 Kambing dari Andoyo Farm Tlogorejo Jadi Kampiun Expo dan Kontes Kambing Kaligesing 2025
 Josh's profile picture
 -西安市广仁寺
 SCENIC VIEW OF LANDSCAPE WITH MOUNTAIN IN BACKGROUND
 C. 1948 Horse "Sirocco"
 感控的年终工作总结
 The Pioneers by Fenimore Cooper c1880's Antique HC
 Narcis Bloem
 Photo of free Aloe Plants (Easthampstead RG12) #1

━━━

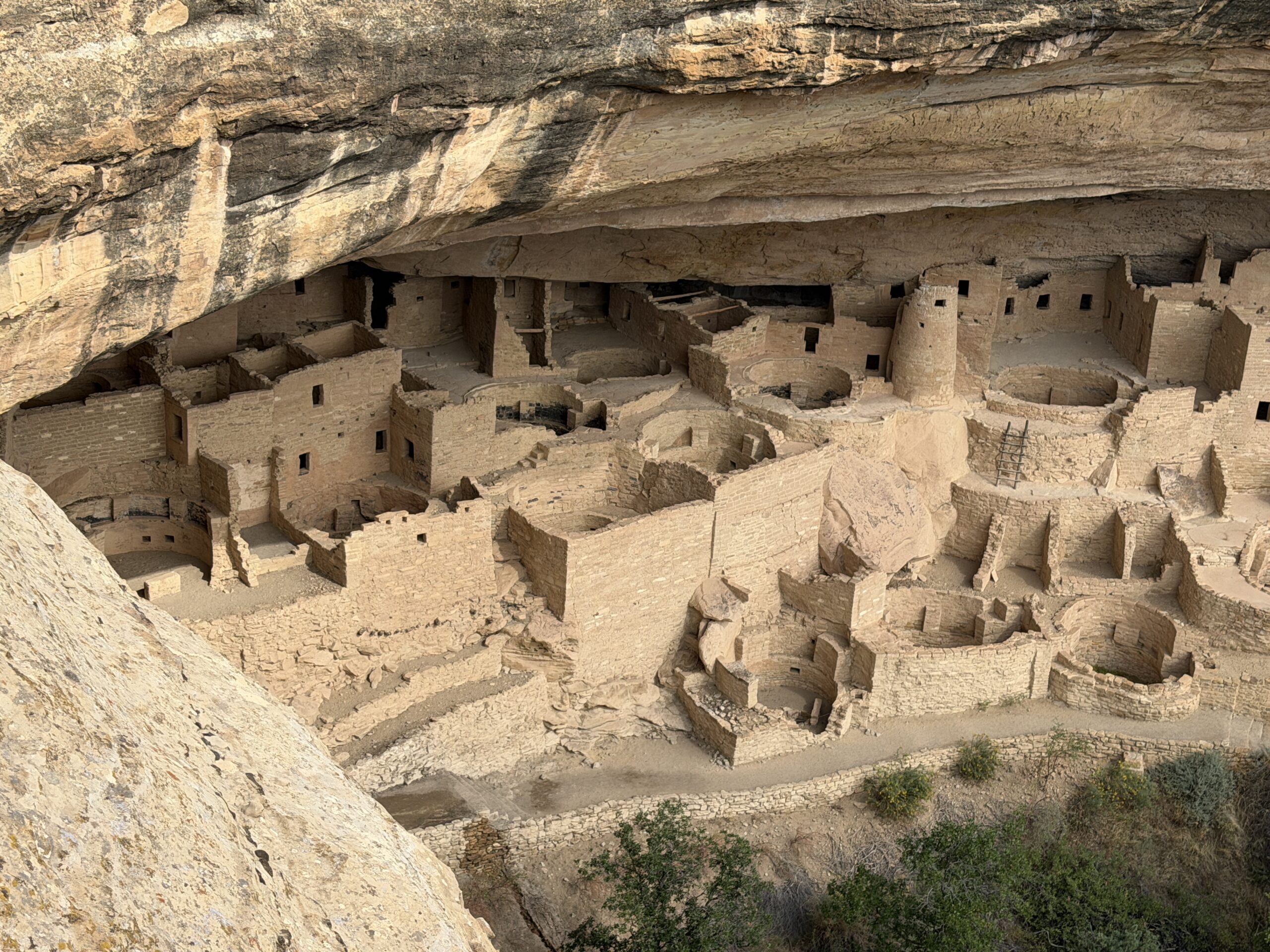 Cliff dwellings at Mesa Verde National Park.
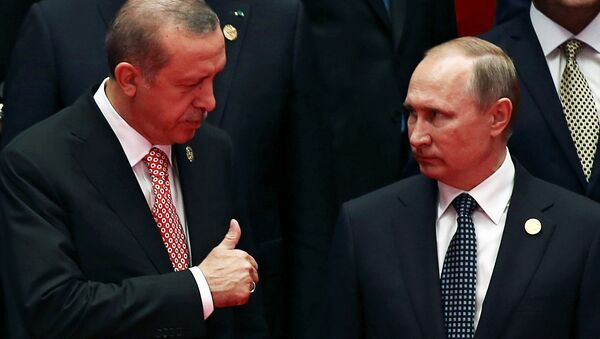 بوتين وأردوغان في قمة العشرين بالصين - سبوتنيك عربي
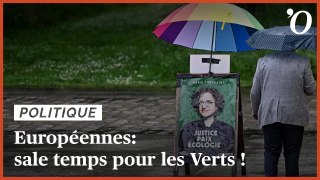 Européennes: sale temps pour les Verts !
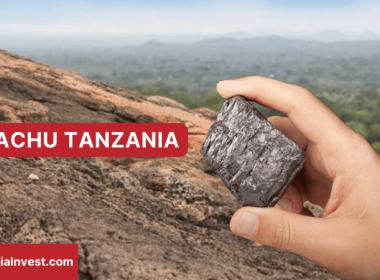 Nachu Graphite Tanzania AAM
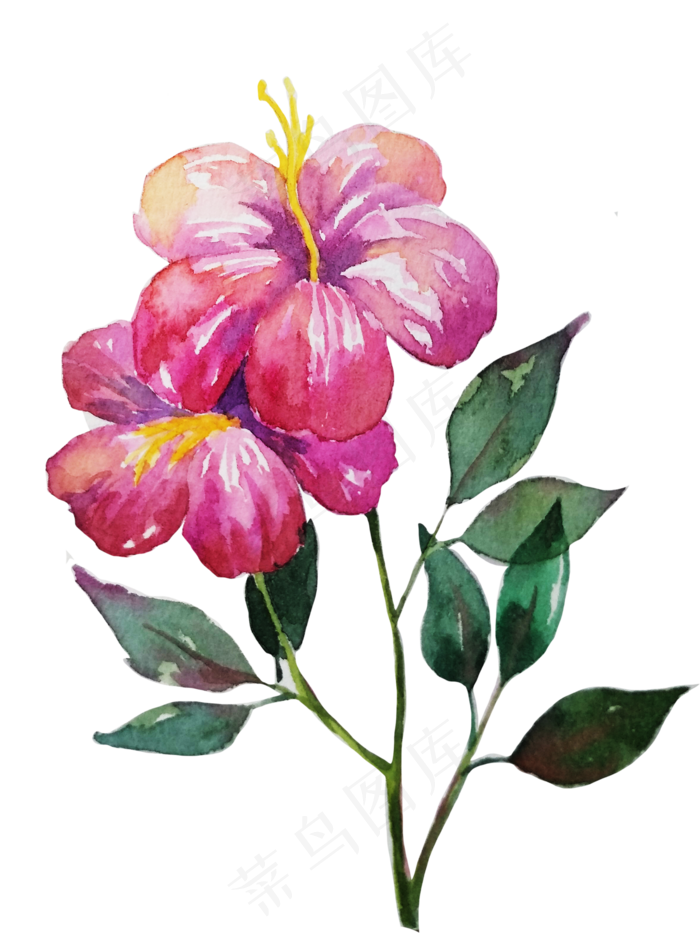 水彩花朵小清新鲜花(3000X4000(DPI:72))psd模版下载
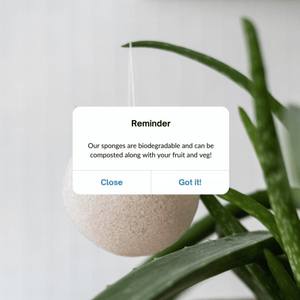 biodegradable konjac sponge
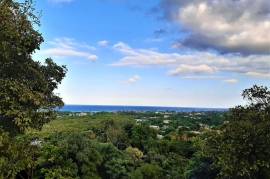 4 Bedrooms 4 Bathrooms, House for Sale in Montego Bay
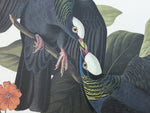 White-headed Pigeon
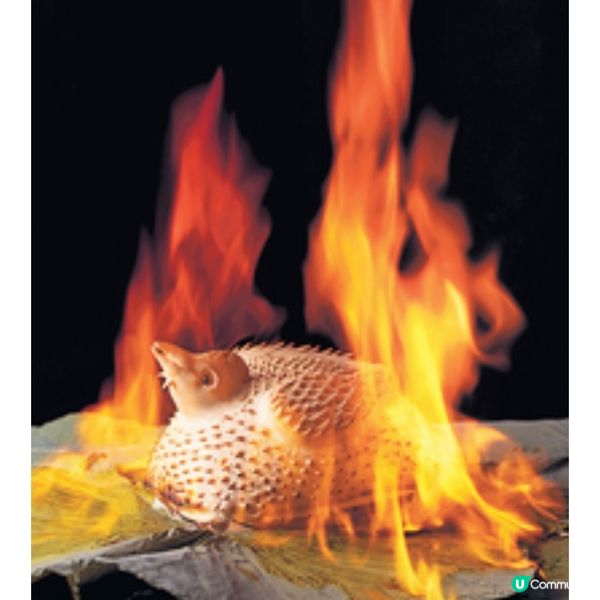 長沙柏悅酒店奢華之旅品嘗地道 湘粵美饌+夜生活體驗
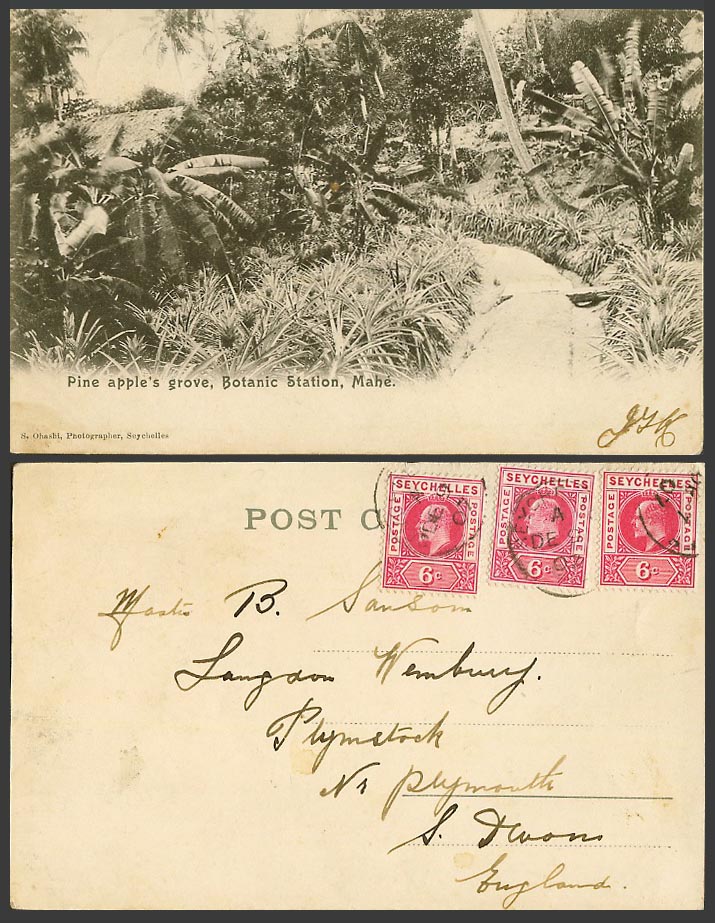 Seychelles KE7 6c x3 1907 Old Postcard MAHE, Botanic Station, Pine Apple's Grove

━━━

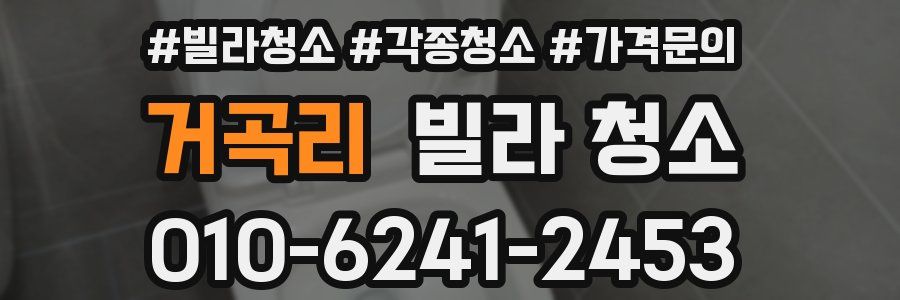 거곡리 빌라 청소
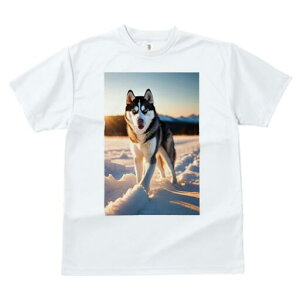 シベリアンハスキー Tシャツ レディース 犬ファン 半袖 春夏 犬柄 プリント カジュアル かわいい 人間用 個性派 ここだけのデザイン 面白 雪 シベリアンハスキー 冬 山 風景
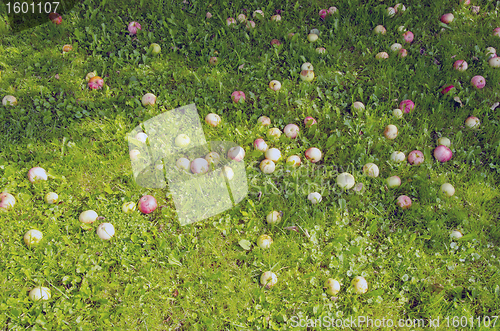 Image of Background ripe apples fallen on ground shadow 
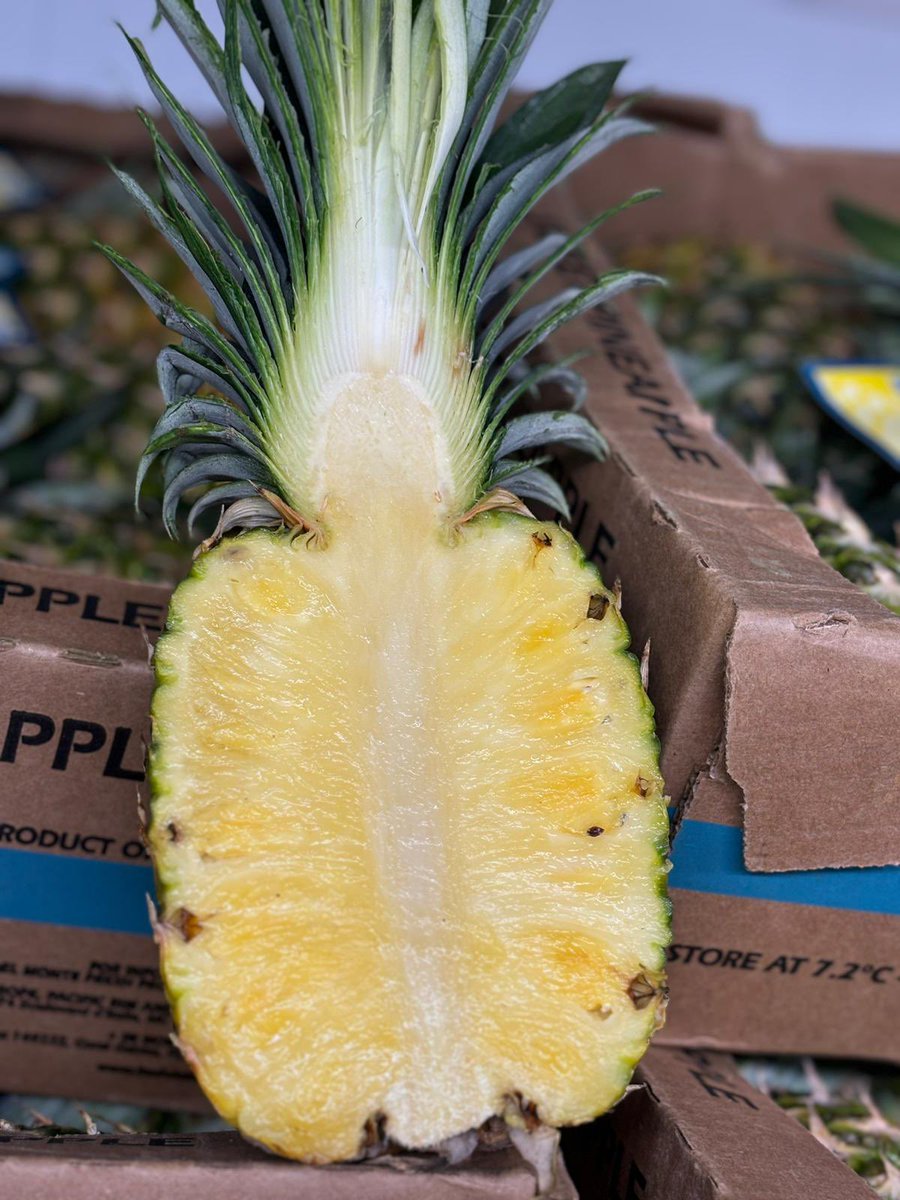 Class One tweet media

━━━

Reproduce exactly the lines of the data above that run from the line with "بوتين وأردوغان في" down to the line with "Seychelles KE7 6c", both ends included. Pictures do not belong in the copy.

### WRITTEN SOLUTION
 بوتين وأردوغان في قمة العشرين بالصين - سبوتنيك عربي
 Européennes: sale temps pour les Verts !
 Nachu Graphite Tanzania AAM
 水彩花朵小清新鲜花(3000X4000(DPI:72))psd模版下载
 biodegradable konjac sponge
 4 Bedrooms 4 Bathrooms, House for Sale in Montego Bay
 White-headed Pigeon
 長沙柏悅酒店奢華之旅品嘗地道 湘粵美饌+夜生活體驗
 Seychelles KE7 6c x3 1907 Old Postcard MAHE, Botanic Station, Pine Apple's Grove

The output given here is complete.